What is required: Reproduce the listing below word for word and exclude any picture.

Source material:
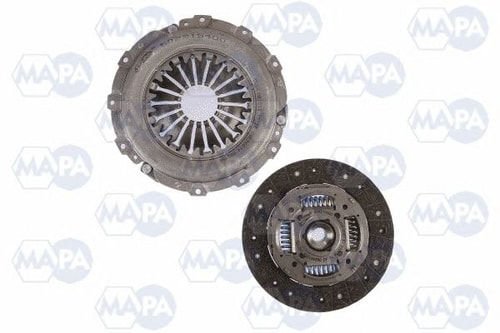 DEBRİYAJ SETİ BASKI DİSK MGN II-LOGAN-SCENIC II-CLIO III-MICRA III-ALMERA II 1.5DCI K9K-MEK-JR5-MAPA 003215909-7701474518-7701476934-23354BN700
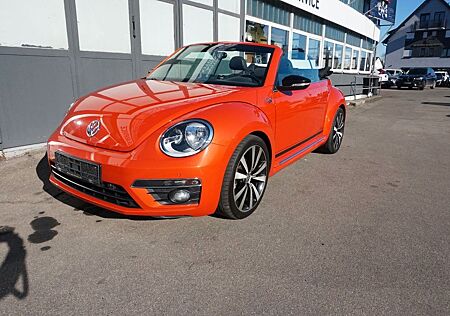 VW Beetle Volkswagen 1.4 TSI DSG BMT Exclusive R-Line Cabr...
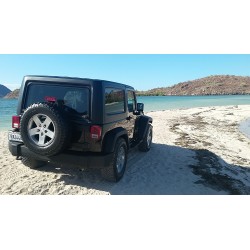 2007-2018 JK2  Jeep Wrangler JK Hard Top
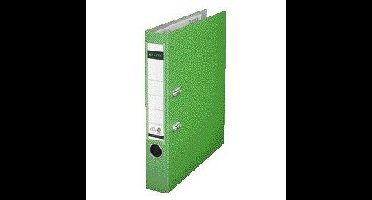 Ordner leitz 1015 180° 50mm pp a4 lichtgroen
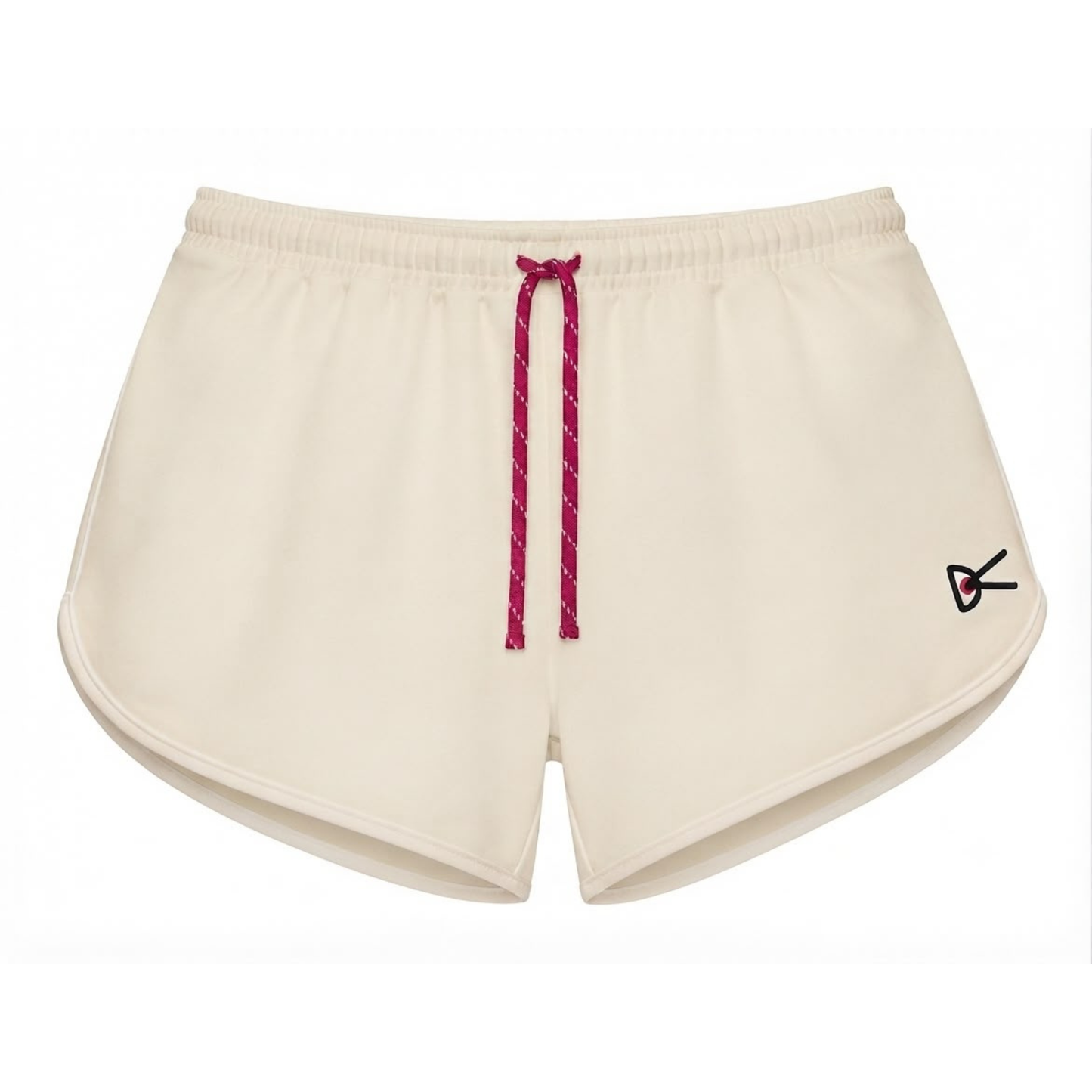 District Vision Spino 5" Shorts Stone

The answer:
 DEBRİYAJ SETİ BASKI DİSK MGN II-LOGAN-SCENIC II-CLIO III-MICRA III-ALMERA II 1.5DCI K9K-MEK-JR5-MAPA 003215909-7701474518-7701476934-23354BN700
 VW Beetle Volkswagen 1.4 TSI DSG BMT Exclusive R-Line Cabr...
 2007-2018 JK2  Jeep Wrangler JK Hard Top
 Ordner leitz 1015 180° 50mm pp a4 lichtgroen
 District Vision Spino 5" Shorts Stone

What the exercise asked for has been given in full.